■ EXERCISE DETAILS ■
What you write must match, character for character, the lines from the one with "Afbeelding 1/42 van" down to the one with "Kersenrode gelnagels" in the listing below, minus its pictures.

■ DATASET EXTRACT ■
++++++++++

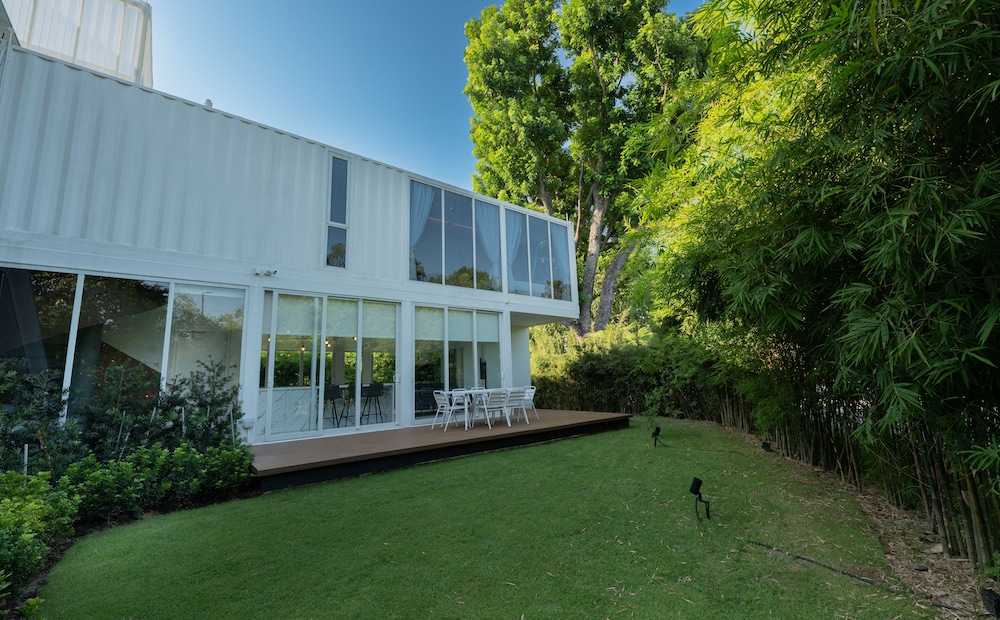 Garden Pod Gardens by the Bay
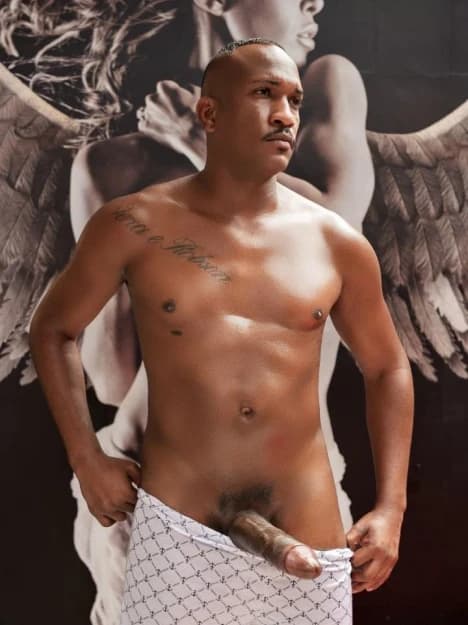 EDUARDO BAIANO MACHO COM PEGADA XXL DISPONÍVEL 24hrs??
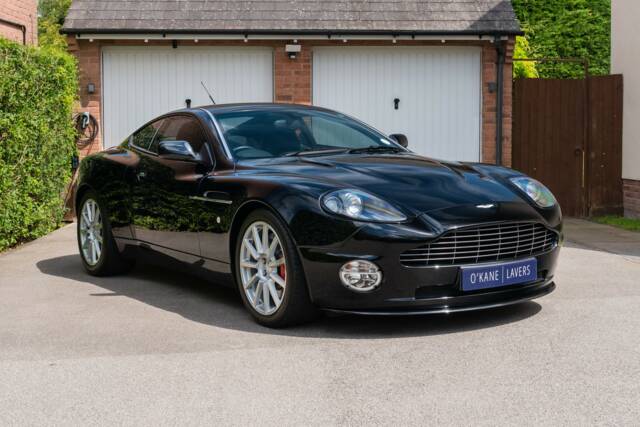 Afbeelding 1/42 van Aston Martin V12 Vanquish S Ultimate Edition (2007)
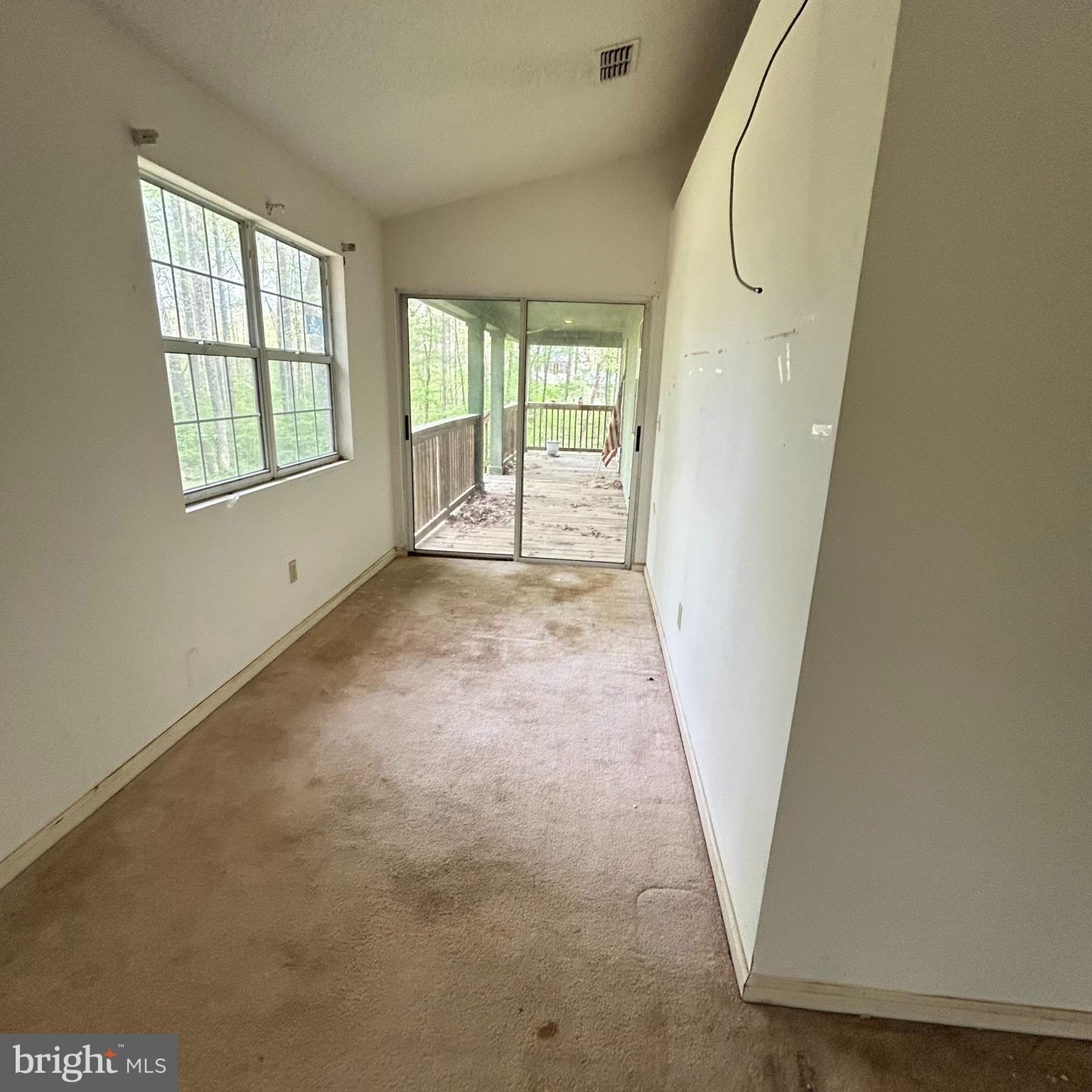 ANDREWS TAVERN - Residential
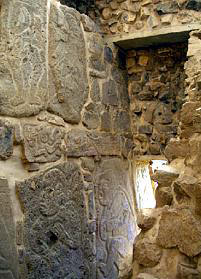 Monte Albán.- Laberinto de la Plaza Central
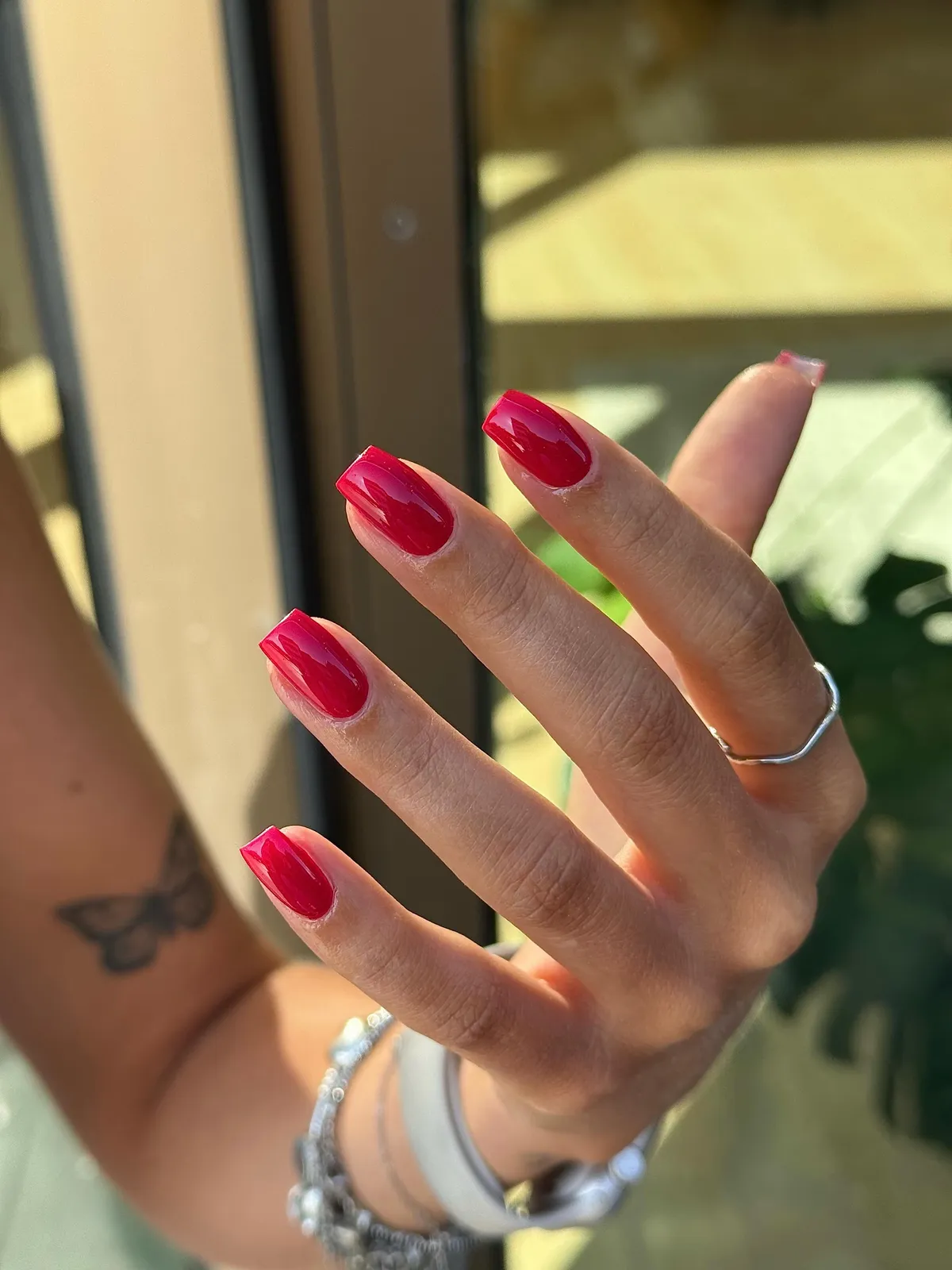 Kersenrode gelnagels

++++++++++

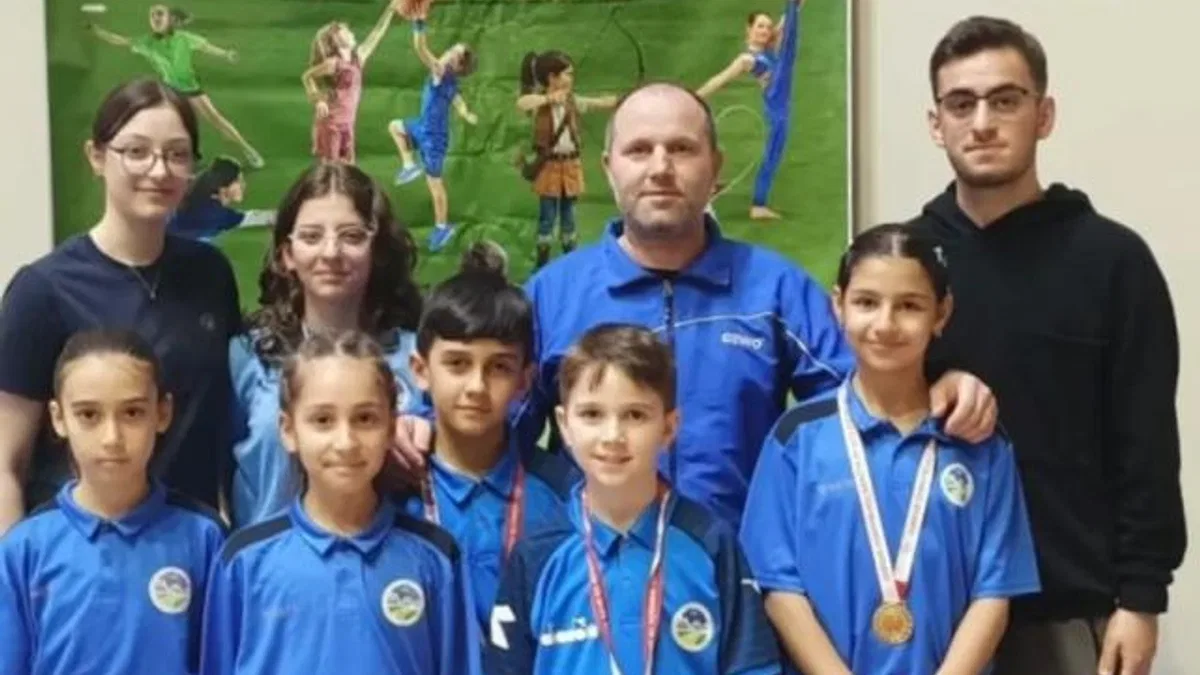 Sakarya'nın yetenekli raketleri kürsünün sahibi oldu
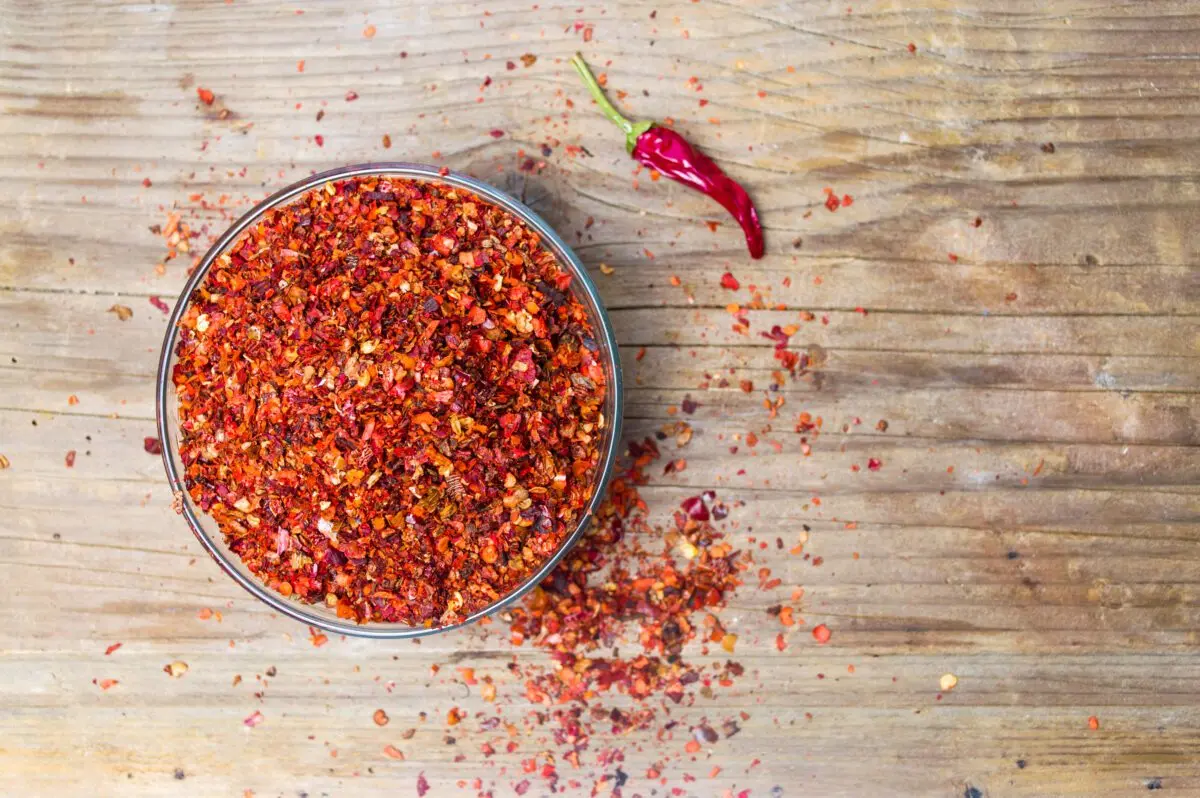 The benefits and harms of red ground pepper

++++++++++

■ RESULT ■
 Afbeelding 1/42 van Aston Martin V12 Vanquish S Ultimate Edition (2007)
 ANDREWS TAVERN - Residential
 Monte Albán.- Laberinto de la Plaza Central
 Kersenrode gelnagels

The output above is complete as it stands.